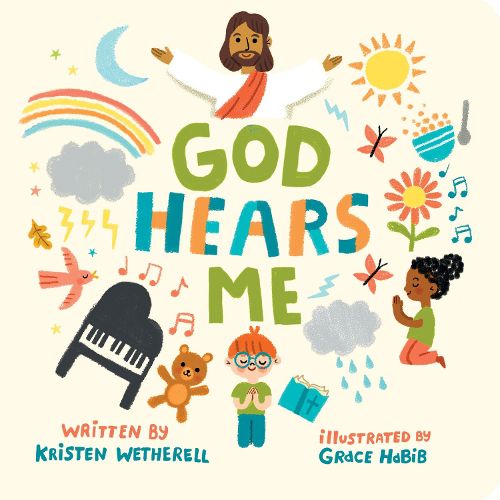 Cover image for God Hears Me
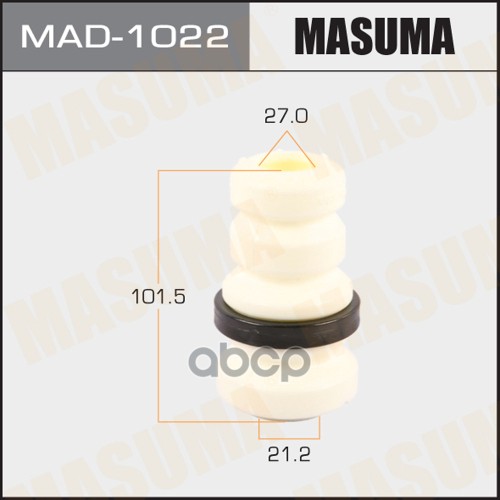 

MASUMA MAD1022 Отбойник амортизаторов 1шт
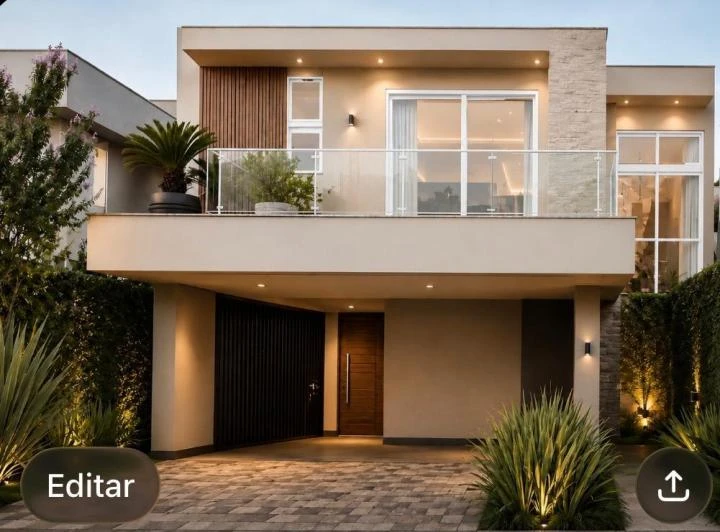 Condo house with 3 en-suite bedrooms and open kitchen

==

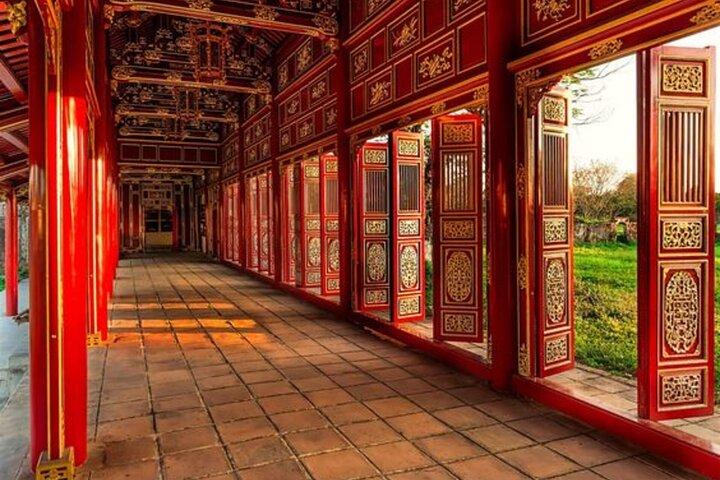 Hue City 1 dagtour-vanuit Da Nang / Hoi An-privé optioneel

- **EXERCISE DESCRIPTION**
In the material above, which lines fall between the one holding "Cover image for God Hears Me" and the one holding "Condo house with", inclusive? Print exactly those, with the pictures left out.

- **SOLUTION BELOW**
 Cover image for God Hears Me

MASUMA MAD1022 Отбойник амортизаторов 1шт
 Condo house with 3 en-suite bedrooms and open kitchen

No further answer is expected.